▶ [Requirement] Take the lines below beginning at the line that has "Piselli freschi che" and stopping after the line that has "红陶内口13.5的帽沿花盆", and print them exactly as they are, with no other lines.

▶ [Input]
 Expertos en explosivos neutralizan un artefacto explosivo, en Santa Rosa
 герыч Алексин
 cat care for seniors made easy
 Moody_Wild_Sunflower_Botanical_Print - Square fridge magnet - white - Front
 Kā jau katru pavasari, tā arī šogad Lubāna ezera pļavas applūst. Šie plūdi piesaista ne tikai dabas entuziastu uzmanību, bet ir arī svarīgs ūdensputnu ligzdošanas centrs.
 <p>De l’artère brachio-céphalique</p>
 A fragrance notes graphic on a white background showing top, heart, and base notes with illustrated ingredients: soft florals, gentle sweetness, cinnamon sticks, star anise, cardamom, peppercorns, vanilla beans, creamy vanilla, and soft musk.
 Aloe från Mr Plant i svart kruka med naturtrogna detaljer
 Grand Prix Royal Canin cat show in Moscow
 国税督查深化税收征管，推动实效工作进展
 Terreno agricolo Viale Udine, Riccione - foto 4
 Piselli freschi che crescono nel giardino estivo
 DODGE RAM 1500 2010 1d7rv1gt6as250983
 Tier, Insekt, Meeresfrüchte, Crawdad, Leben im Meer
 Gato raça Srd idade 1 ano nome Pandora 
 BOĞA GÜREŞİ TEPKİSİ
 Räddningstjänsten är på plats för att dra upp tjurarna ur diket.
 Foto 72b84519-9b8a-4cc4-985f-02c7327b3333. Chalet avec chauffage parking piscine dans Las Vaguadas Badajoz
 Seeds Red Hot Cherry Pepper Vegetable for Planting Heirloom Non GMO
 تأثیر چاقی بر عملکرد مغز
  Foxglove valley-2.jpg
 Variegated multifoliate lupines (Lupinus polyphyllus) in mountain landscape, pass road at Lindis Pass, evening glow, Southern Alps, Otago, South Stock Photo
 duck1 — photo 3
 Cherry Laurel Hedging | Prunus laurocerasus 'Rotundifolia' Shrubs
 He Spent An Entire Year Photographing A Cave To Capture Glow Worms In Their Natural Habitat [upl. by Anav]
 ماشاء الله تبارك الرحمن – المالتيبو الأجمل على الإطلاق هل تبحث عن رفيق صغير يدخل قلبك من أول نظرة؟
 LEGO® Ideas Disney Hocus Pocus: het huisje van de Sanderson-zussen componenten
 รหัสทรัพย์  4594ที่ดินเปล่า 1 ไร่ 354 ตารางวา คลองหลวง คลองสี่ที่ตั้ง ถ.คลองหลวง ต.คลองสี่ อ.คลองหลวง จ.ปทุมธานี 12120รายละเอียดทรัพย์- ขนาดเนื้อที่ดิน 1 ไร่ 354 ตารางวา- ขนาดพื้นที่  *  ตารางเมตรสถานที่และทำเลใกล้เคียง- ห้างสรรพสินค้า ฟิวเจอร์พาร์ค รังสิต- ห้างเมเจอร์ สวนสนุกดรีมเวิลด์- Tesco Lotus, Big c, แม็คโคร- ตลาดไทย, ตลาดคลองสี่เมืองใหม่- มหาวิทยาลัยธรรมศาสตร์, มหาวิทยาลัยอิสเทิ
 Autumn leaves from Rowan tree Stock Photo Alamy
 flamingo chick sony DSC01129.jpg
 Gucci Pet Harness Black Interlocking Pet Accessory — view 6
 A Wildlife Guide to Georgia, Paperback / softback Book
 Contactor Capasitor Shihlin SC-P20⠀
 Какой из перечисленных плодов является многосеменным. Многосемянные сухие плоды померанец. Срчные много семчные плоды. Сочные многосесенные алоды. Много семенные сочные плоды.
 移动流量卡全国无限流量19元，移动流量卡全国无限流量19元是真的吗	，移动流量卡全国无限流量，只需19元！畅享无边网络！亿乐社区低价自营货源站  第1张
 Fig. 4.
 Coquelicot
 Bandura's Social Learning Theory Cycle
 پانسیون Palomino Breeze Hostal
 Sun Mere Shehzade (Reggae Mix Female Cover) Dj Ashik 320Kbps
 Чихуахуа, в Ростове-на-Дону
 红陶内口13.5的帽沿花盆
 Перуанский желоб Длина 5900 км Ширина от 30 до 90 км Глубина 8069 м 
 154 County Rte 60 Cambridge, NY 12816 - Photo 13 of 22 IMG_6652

▶ [Response]
 Piselli freschi che crescono nel giardino estivo
 DODGE RAM 1500 2010 1d7rv1gt6as250983
 Tier, Insekt, Meeresfrüchte, Crawdad, Leben im Meer
 Gato raça Srd idade 1 ano nome Pandora 
 BOĞA GÜREŞİ TEPKİSİ
 Räddningstjänsten är på plats för att dra upp tjurarna ur diket.
 Foto 72b84519-9b8a-4cc4-985f-02c7327b3333. Chalet avec chauffage parking piscine dans Las Vaguadas Badajoz
 Seeds Red Hot Cherry Pepper Vegetable for Planting Heirloom Non GMO
 تأثیر چاقی بر عملکرد مغز
  Foxglove valley-2.jpg
 Variegated multifoliate lupines (Lupinus polyphyllus) in mountain landscape, pass road at Lindis Pass, evening glow, Southern Alps, Otago, South Stock Photo
 duck1 — photo 3
 Cherry Laurel Hedging | Prunus laurocerasus 'Rotundifolia' Shrubs
 He Spent An Entire Year Photographing A Cave To Capture Glow Worms In Their Natural Habitat [upl. by Anav]
 ماشاء الله تبارك الرحمن – المالتيبو الأجمل على الإطلاق هل تبحث عن رفيق صغير يدخل قلبك من أول نظرة؟
 LEGO® Ideas Disney Hocus Pocus: het huisje van de Sanderson-zussen componenten
 รหัสทรัพย์  4594ที่ดินเปล่า 1 ไร่ 354 ตารางวา คลองหลวง คลองสี่ที่ตั้ง ถ.คลองหลวง ต.คลองสี่ อ.คลองหลวง จ.ปทุมธานี 12120รายละเอียดทรัพย์- ขนาดเนื้อที่ดิน 1 ไร่ 354 ตารางวา- ขนาดพื้นที่  *  ตารางเมตรสถานที่และทำเลใกล้เคียง- ห้างสรรพสินค้า ฟิวเจอร์พาร์ค รังสิต- ห้างเมเจอร์ สวนสนุกดรีมเวิลด์- Tesco Lotus, Big c, แม็คโคร- ตลาดไทย, ตลาดคลองสี่เมืองใหม่- มหาวิทยาลัยธรรมศาสตร์, มหาวิทยาลัยอิสเทิ
 Autumn leaves from Rowan tree Stock Photo Alamy
 flamingo chick sony DSC01129.jpg
 Gucci Pet Harness Black Interlocking Pet Accessory — view 6
 A Wildlife Guide to Georgia, Paperback / softback Book
 Contactor Capasitor Shihlin SC-P20⠀
 Какой из перечисленных плодов является многосеменным. Многосемянные сухие плоды померанец. Срчные много семчные плоды. Сочные многосесенные алоды. Много семенные сочные плоды.
 移动流量卡全国无限流量19元，移动流量卡全国无限流量19元是真的吗	，移动流量卡全国无限流量，只需19元！畅享无边网络！亿乐社区低价自营货源站  第1张
 Fig. 4.
 Coquelicot
 Bandura's Social Learning Theory Cycle
 پانسیون Palomino Breeze Hostal
 Sun Mere Shehzade (Reggae Mix Female Cover) Dj Ashik 320Kbps
 Чихуахуа, в Ростове-на-Дону
 红陶内口13.5的帽沿花盆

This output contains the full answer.